In your answer, copy every entry that follows exactly.

# # # #

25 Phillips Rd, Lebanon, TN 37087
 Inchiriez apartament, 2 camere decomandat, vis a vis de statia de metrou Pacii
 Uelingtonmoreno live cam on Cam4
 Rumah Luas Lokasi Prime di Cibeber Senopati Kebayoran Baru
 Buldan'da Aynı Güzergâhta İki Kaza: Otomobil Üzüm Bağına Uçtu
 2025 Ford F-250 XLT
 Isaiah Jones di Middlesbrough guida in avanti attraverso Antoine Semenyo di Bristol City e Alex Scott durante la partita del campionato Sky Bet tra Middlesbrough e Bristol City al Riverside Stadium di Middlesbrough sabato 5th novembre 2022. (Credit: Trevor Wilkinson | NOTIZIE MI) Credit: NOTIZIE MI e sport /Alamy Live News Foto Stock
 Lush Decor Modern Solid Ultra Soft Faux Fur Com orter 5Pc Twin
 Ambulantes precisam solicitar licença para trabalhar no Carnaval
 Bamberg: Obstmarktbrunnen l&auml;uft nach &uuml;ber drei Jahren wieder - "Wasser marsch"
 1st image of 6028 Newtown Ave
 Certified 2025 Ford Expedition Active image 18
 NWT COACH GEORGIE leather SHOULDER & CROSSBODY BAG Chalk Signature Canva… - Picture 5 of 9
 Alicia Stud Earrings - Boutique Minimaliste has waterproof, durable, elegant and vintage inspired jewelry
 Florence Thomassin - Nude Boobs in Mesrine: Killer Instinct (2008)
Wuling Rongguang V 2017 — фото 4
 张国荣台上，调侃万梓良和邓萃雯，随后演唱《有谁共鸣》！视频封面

# # # #

** Task output **
25 Phillips Rd, Lebanon, TN 37087
 Inchiriez apartament, 2 camere decomandat, vis a vis de statia de metrou Pacii
 Uelingtonmoreno live cam on Cam4
 Rumah Luas Lokasi Prime di Cibeber Senopati Kebayoran Baru
 Buldan'da Aynı Güzergâhta İki Kaza: Otomobil Üzüm Bağına Uçtu
 2025 Ford F-250 XLT
 Isaiah Jones di Middlesbrough guida in avanti attraverso Antoine Semenyo di Bristol City e Alex Scott durante la partita del campionato Sky Bet tra Middlesbrough e Bristol City al Riverside Stadium di Middlesbrough sabato 5th novembre 2022. (Credit: Trevor Wilkinson | NOTIZIE MI) Credit: NOTIZIE MI e sport /Alamy Live News Foto Stock
 Lush Decor Modern Solid Ultra Soft Faux Fur Com orter 5Pc Twin
 Ambulantes precisam solicitar licença para trabalhar no Carnaval
 Bamberg: Obstmarktbrunnen l&auml;uft nach &uuml;ber drei Jahren wieder - "Wasser marsch"
 1st image of 6028 Newtown Ave
 Certified 2025 Ford Expedition Active image 18
 NWT COACH GEORGIE leather SHOULDER & CROSSBODY BAG Chalk Signature Canva… - Picture 5 of 9
 Alicia Stud Earrings - Boutique Minimaliste has waterproof, durable, elegant and vintage inspired jewelry
 Florence Thomassin - Nude Boobs in Mesrine: Killer Instinct (2008)
Wuling Rongguang V 2017 — фото 4
 张国荣台上，调侃万梓良和邓萃雯，随后演唱《有谁共鸣》！视频封面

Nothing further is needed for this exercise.